• _Data block_
____

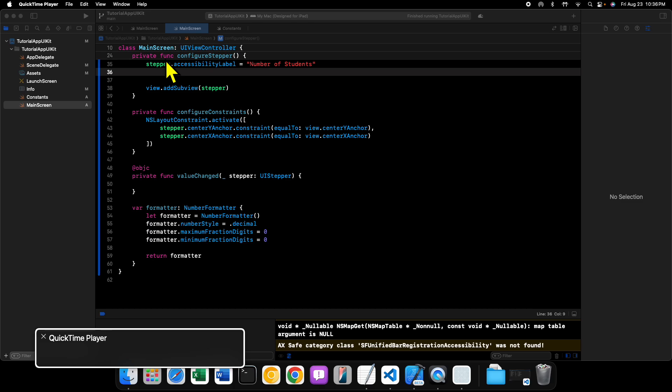Welcome back to another video. We're continuing our series on making accessible apps for Apple platforms by talking about accessibility values. An accessibility value is a string that represents the value a view contains. For example, in today's examples, we'll use a stepper — whether it be an NSStepper, a UIStepper, or a stepper in SwiftUI.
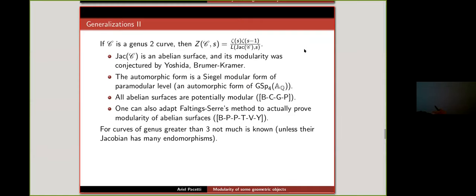For curves of genus greater than 3, not much is known. This is a huge jump and there are reasons — Frank Calegari has a post explaining why current techniques are insufficient. Unless the Jacobian has many endomorphisms, as in the complex multiplication case for elliptic curves, proving genuine modularity remains out of reach.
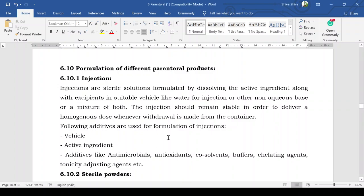Good morning all. Next we have to see the formulation of different parenteral products. Different parenteral products like injectables, sterile powders, lyophilized powders, suspensions, and emulsions are prepared depending upon the type of physical properties of your drug substance. So we have to see how different parenteral products are formulated.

____

• _What you will do_
Everything from the line with "For curves of" through the last line above should be reproduced exactly, both ends included; pictures must be omitted.

• _Answer to this problem_
For curves of genus greater than 3, not much is known. This is a huge jump and there are reasons — Frank Calegari has a post explaining why current techniques are insufficient. Unless the Jacobian has many endomorphisms, as in the complex multiplication case for elliptic curves, proving genuine modularity remains out of reach.
Good morning all. Next we have to see the formulation of different parenteral products. Different parenteral products like injectables, sterile powders, lyophilized powders, suspensions, and emulsions are prepared depending upon the type of physical properties of your drug substance. So we have to see how different parenteral products are formulated.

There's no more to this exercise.